А Лобанов продолжал:

– Я думаю, что мы просто будем ставить с вами спектакль, но вы получите то преимущество перед актерами театра, что будете иметь право спрашивать меня о мотивах моих действий и решений…

И мы спрашивали.

Работа продолжалась год. Мы все сделались влюблены в нашего учителя, влюблены восторженно. Эта любовь продолжается у его учеников и поныне. Мы ставили “Проделки Скапена” и “Предложение”.

Мы все посмотрели его “Таланты и поклонники” и просто заболели талантом постановщика. Мы работали и спрашивали. Он отвечал. Он умел делать спектакль. Это мы поняли сразу. У него была поразительная логика анализа пьесы, логика хирурга, я бы сказал».

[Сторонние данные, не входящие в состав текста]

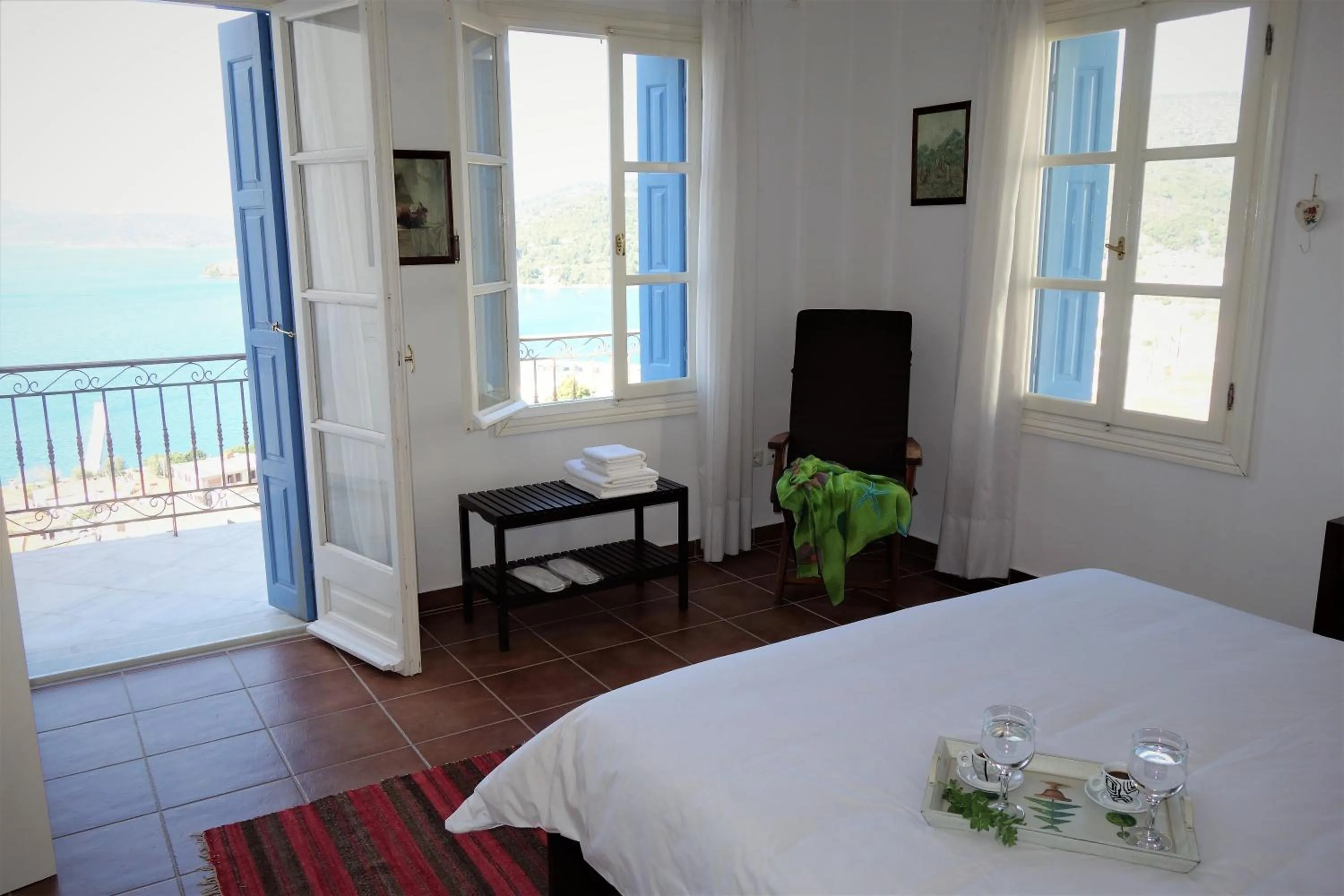 Photo of the whole room, Bed in Panoramic View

В первый же день поступления в ГИТИС Гога познакомился и подружился с будущим знаменитым оперным режиссером Борисом Покровским, своим сокурсником. Последний вспоминал:

«Гога всегда был очень хитрым и ловким и умел устраиваться в жизни. Дело в том, что я поступал в институт вне конкурса. Я был рабочим, в списке абитуриентов против моей фамилии стояло: “вне конкурса”. Так что он обратил на меня внимание не случайно: увидел эту запись и нашел меня. Мы через шесть минут перешли на “ты” и так оставались до конца жизни. У нас сразу установились дружеские отношения. Потом Гога разузнал в профкоме и других институтских инстанциях, что к чему, и добился того, чтобы меня выбрали старостой курса. Для этого он переговорил со всеми однокурсниками, и меня единогласно выбрали. Это был серьезнейший акт. Этим он себя раскрепостил и далее делал все, что хотел. Когда его хватали за руку и говорили, мол, то, что он делает, не соответствует званию советского студента; мол, он не понимает, что государство платит за него деньги, а он все время стоит на лестнице у зеркала и т. д. Он знал, что я его никогда не предам. Все, что он проделывал во время учения, падало на меня как на старосту. Я защищал его на всех собраниях, меня не раз вызывали в ректорат или деканат. Гога всегда был уверен, что я его отстою. Иногда он даже огорченно спрашивал: “Что же ты?” – и пожимал плечами. Если следовали какие-то разборки и наказания, то у него появлялась такая интонация: мол, что теперь тебе делать? Я до сих пор помню эту его интонацию. У него всегда было странное желание пофорсить, показать класс.